Region-specific sensitivity of the spinal cord to ischemia/reperfusion: the dynamic of changes in catalytic NOS activity

• Published in: The journal of physiological sciences Vol. 59; no. 2; pp. 97 - 103
• Main Authors: Kolesár, D, Kolesárová, M, Pavel, J, Dávidová, A, Marsala, J, Lukácová, N
• Format: Journal Article
• Language: English
• Published: Japan Springer Japan 01.03.2009
• Subjects: Animals; Anterior Horn Cells - enzymology; Anterior Horn Cells - physiopathology; Calcium - metabolism; Male; Models, Animal; Nitric Oxide Synthase - metabolism; Original Paper; Rabbits; Reperfusion Injury - enzymology; Reperfusion Injury - physiopathology; Spinal Cord - enzymology; Spinal Cord - physiopathology; Time Factors
• ISSN: 1880-6546; 1880-6562
• DOI: 10.1007/s12576-008-0013-7

This study was designed in order to consider whether the release of neuronally derived nitric oxide (NO) in the lumbosacral spinal cord during ischemia/reperfusion is region-specific and whether changes in Ca(2+)-dependent NO synthase (cNOS) activity paralell with functional outcome.
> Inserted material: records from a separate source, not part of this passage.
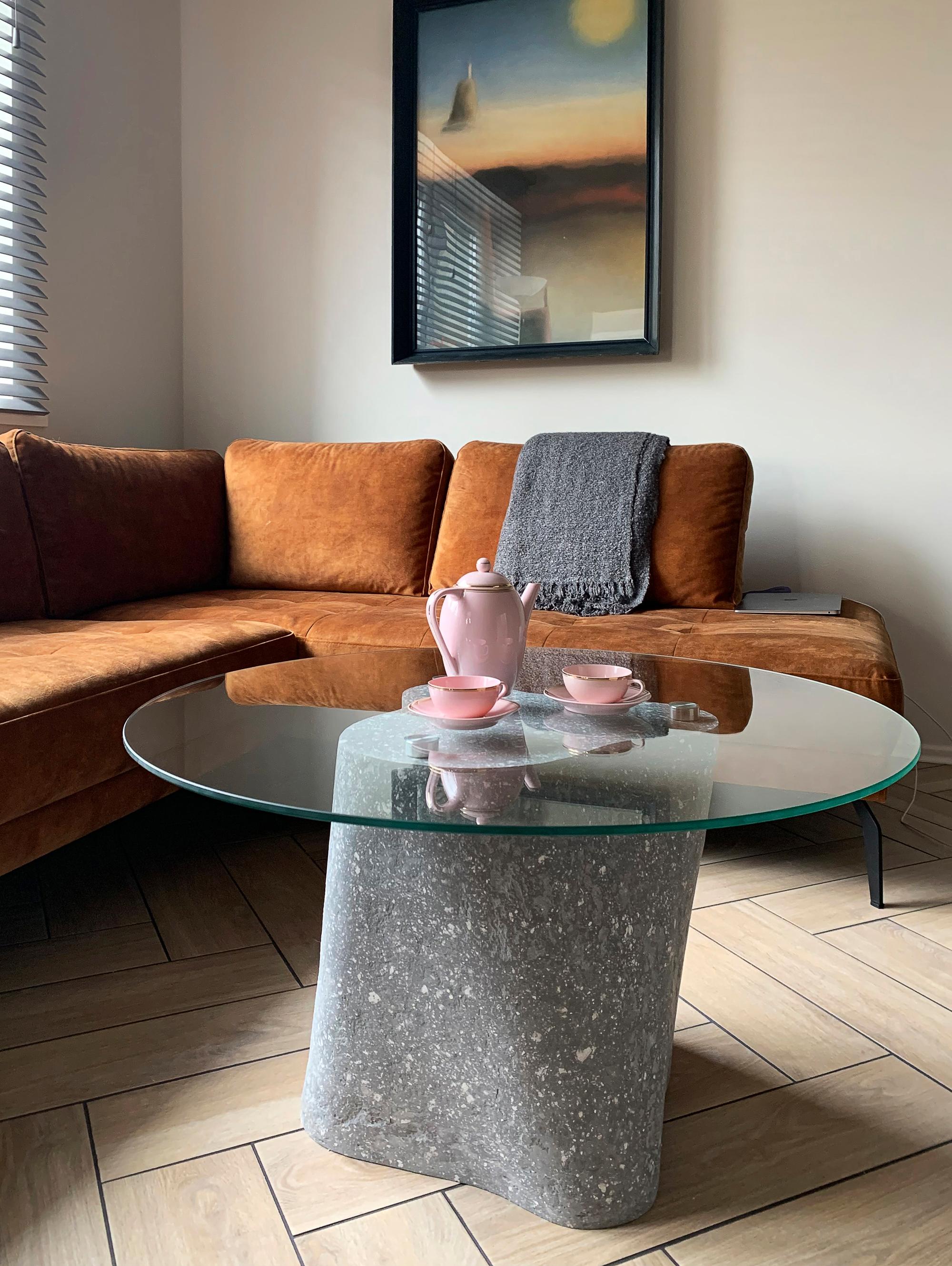 XXIe siècle et contemporain Table basse grise de Donatas Zukauskas en vente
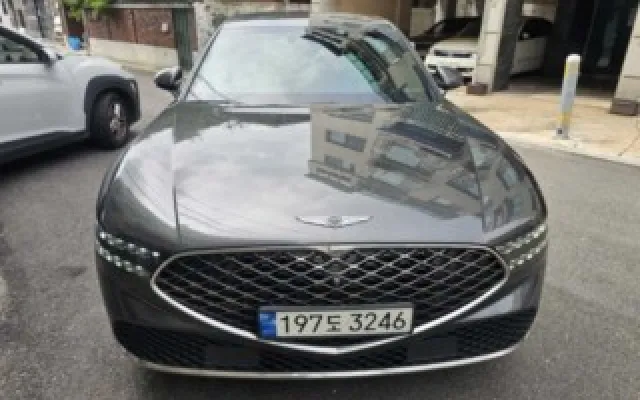 소나타라이즈 중고차 G90(RS4) 3.5T GDI AWD 매물 사진 14 - 2022/04 95,386km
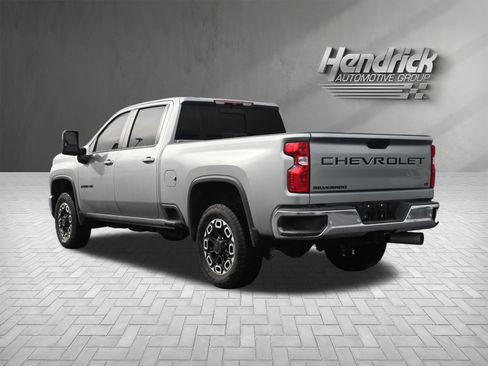 Used 2024 Chevrolet Silverado 2500 LT w/ Safety Package image 8
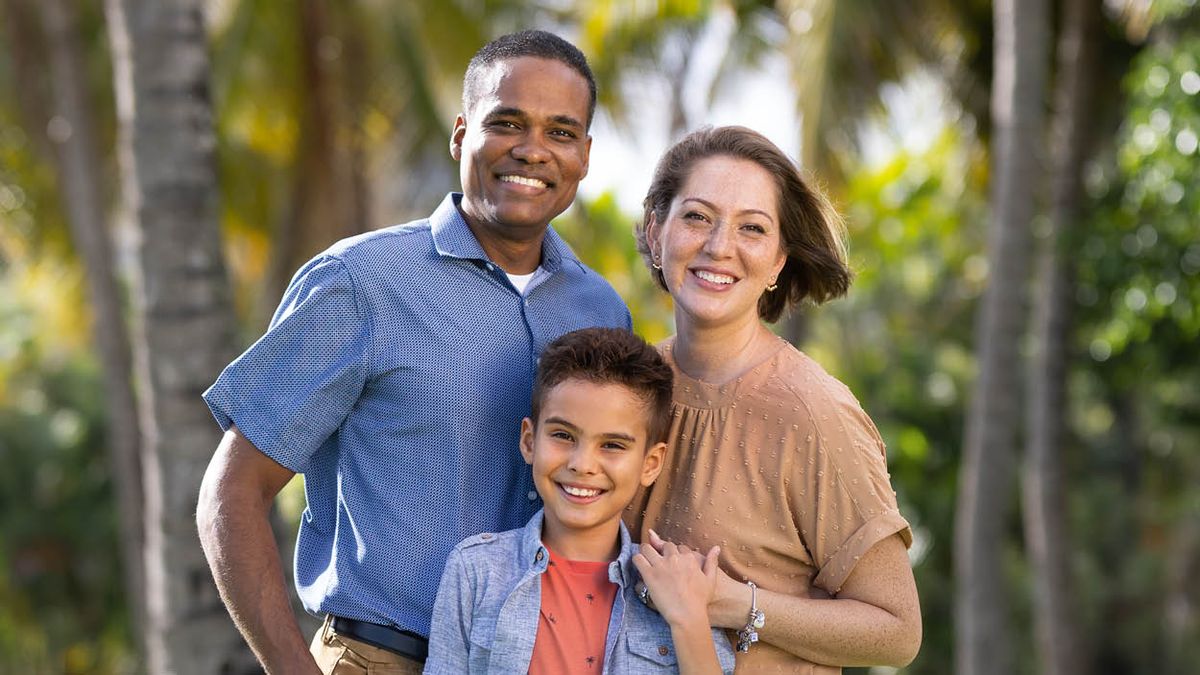 Rachel con su esposo, Jaser, y su hijo, Connor.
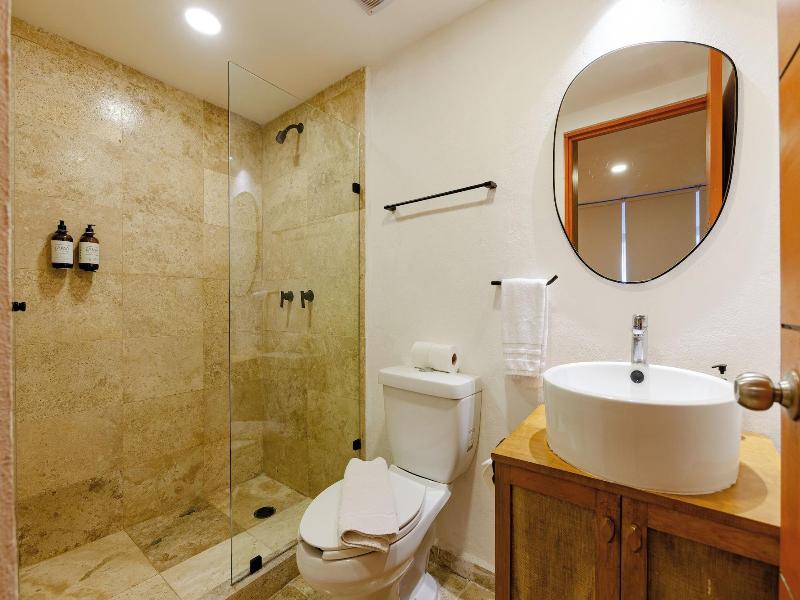 Ocean Plaza By Zamã¡ Homes image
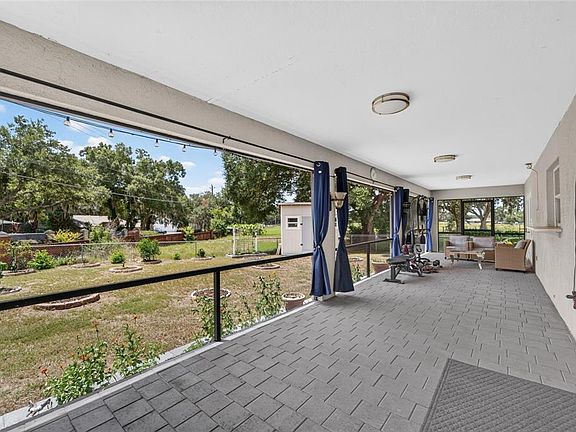 3rd image of 1459 WYNGATE LANE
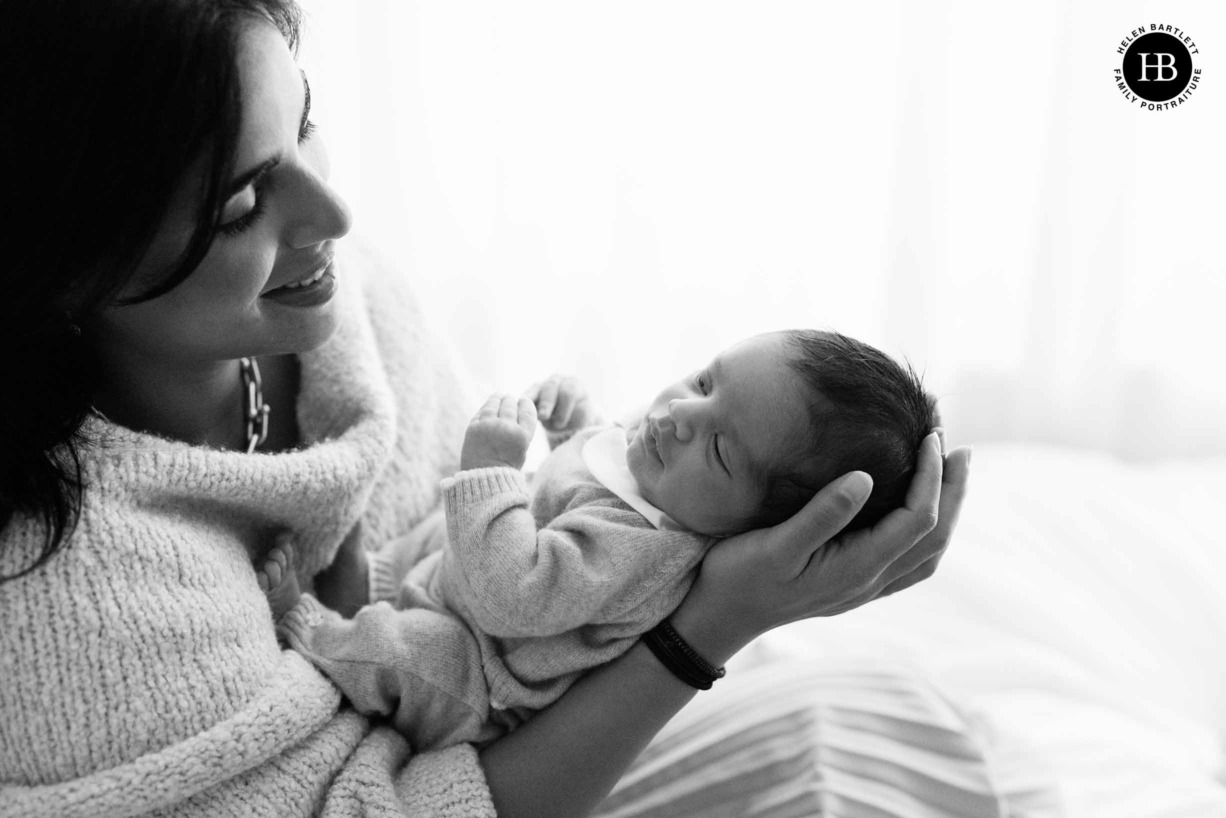 at-home-mother-newborn-portrait-west-london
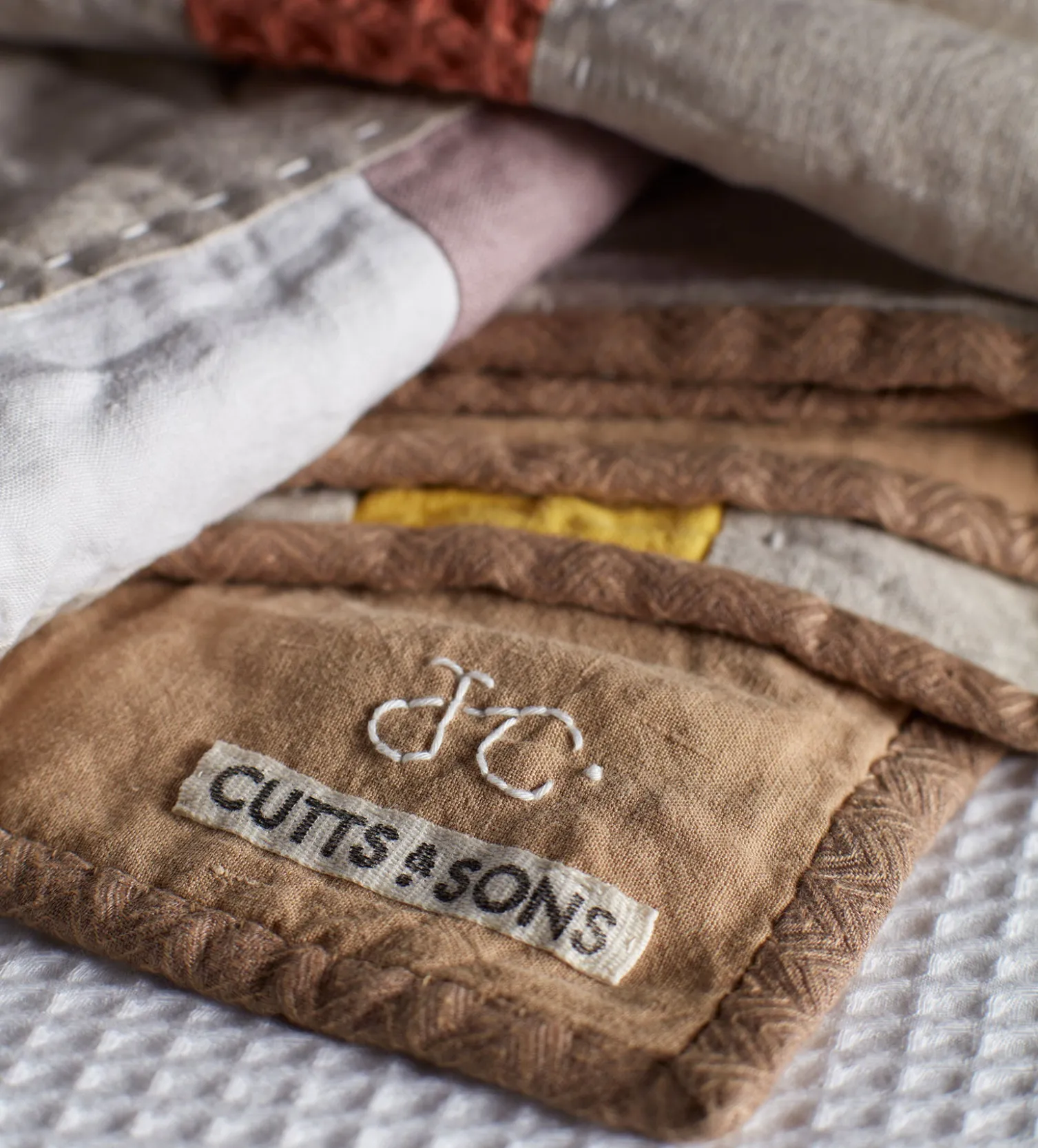 Secret Linen Store A Spring Quilt by Jessie Cutts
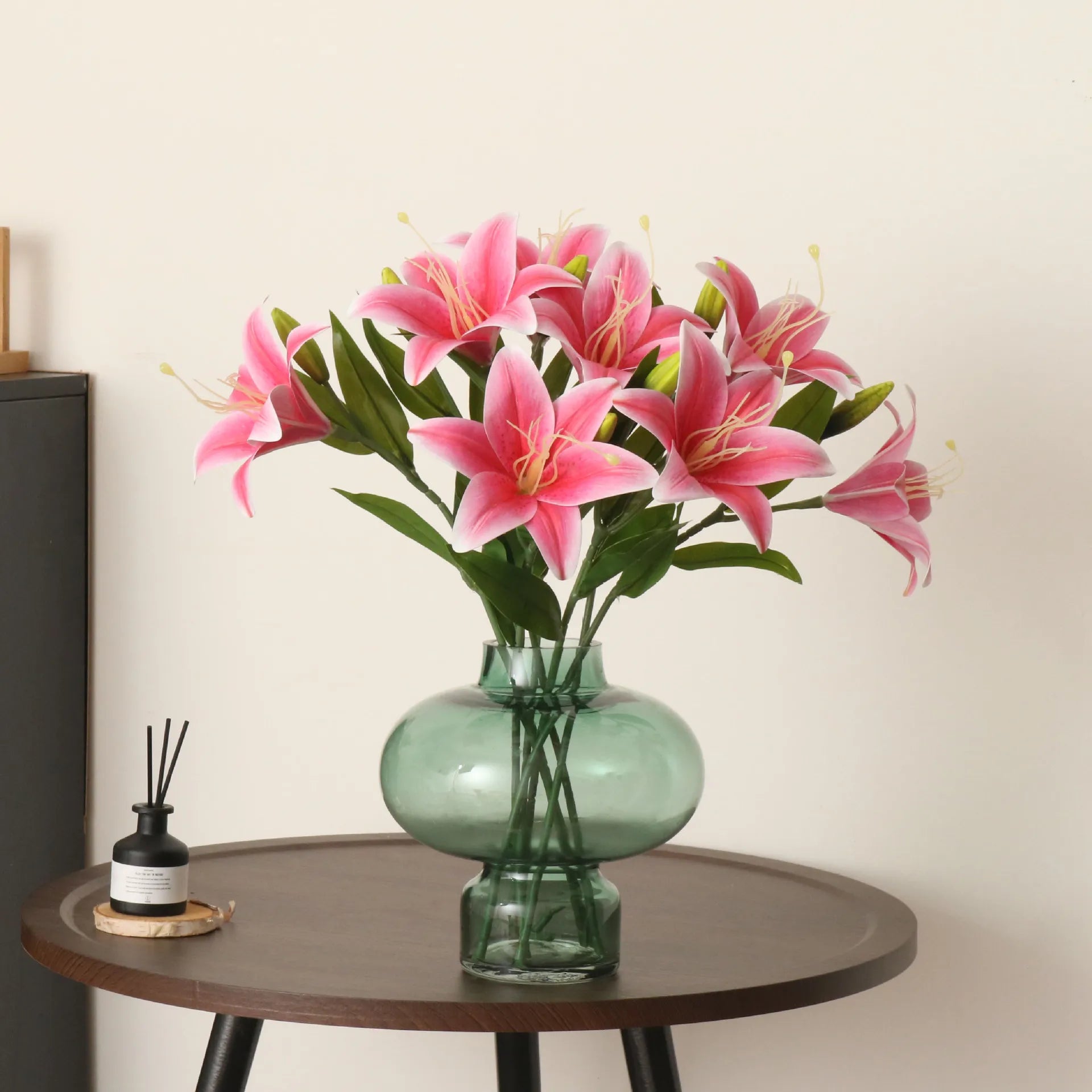 Künstliche Lilie – Elegantes PVC Design – 50cm Länge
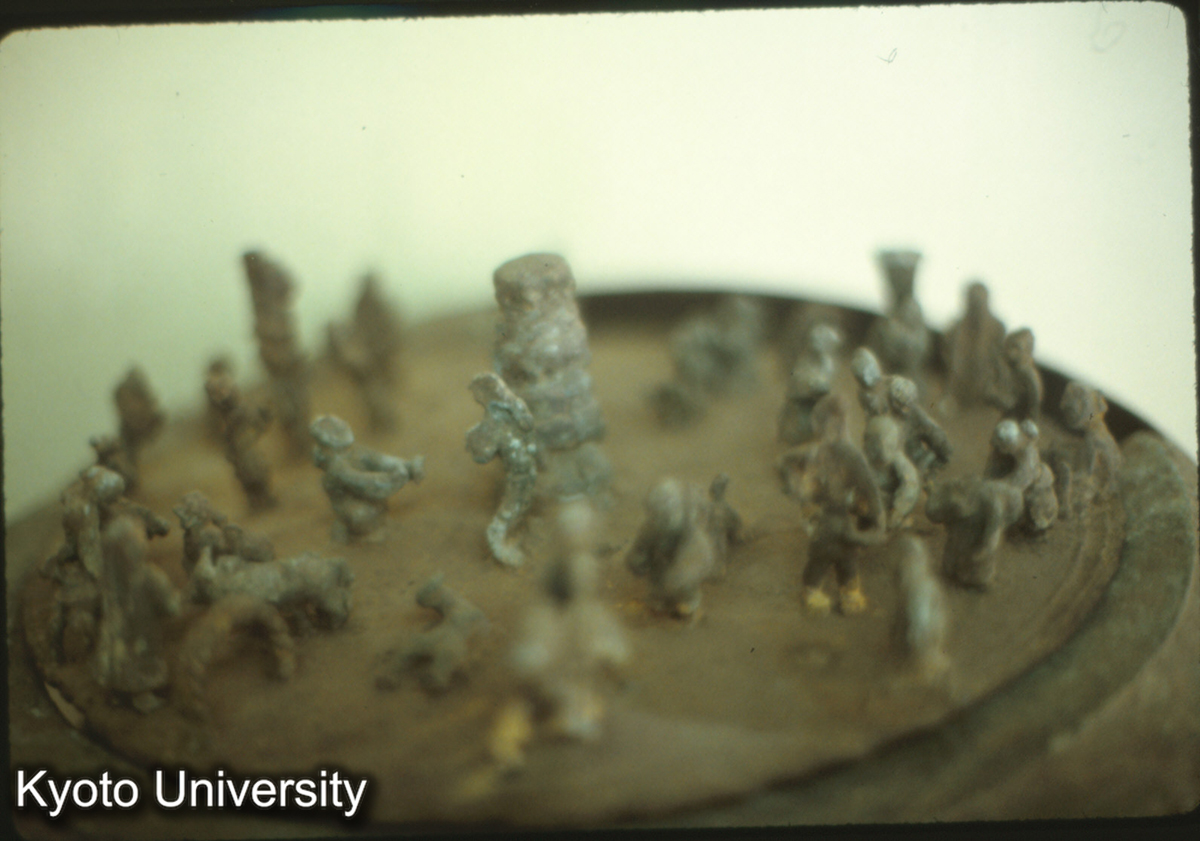 100-23_殺人祭銅鼓蓋貯貝器 (1)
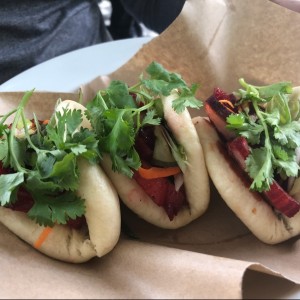 pan andino con cerdo chino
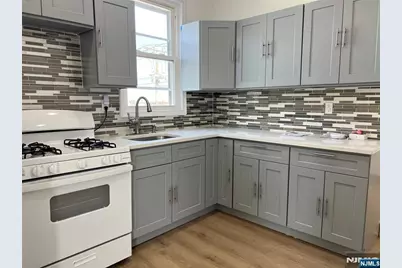 329 Centre Avenue, Secaucus, NJ 07094 - Photo 14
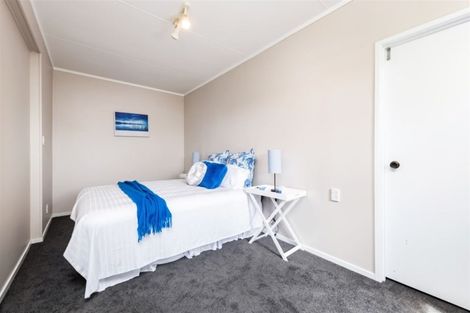 Photo of property in 13 Chrome Place, Henderson, Auckland, 0612
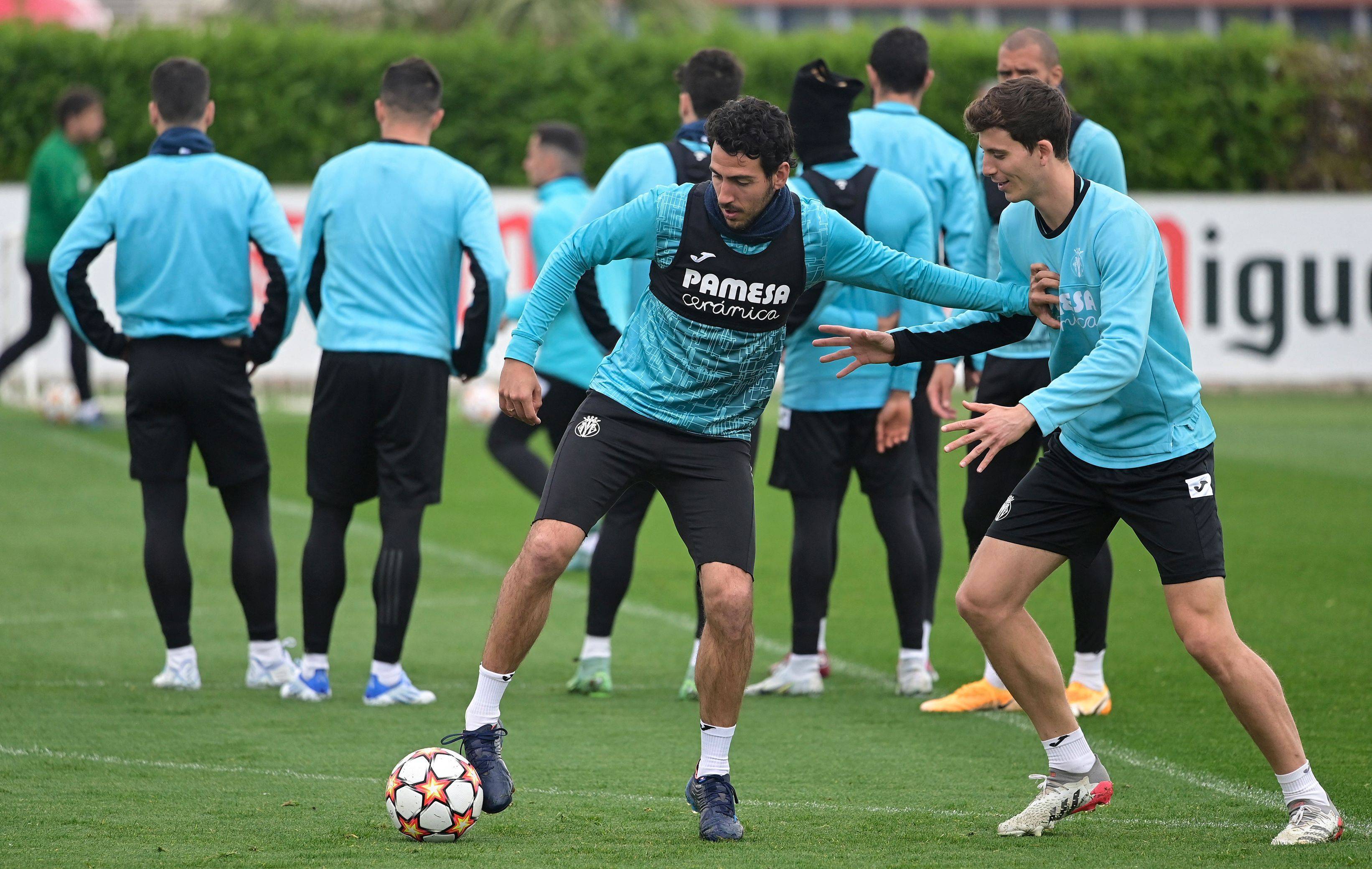 包含国际比赛日比利亚雷亚尔备战CBA常规赛，外线爆发细节曝光，气氛紧张，赛季目标并未改变的词条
The cNOS activity was measured in the spinal cord regions after 13-, 15- and 17-min ischemia alone and that followed by 24 h of reperfusion. In addition, the Tarlov's criteria were applied to define the neurological consequences of ischemia/reperfusion in experimental animals. Based on the results, it is evident that only the 17-min ischemia alone was quite sufficient to cause changes in cNOS activity, however, without alterations in functional outcomes. On the other hand, the ischemic episodes followed by reperfusion caused dynamic, region-specific alterations in cNOS activity and consequently led to deterioration of motor function of hindlimbs in affected animals. Our results indicate that the motoneurons in the ventral horns respond more sensitively to ischemia/reperfusion than do neurons localized in the other spinal cord regions and that changes in cNOS activity may also influence the axonal conductance in the white matter and account for the impairment of motoneuronal activity in affected animals.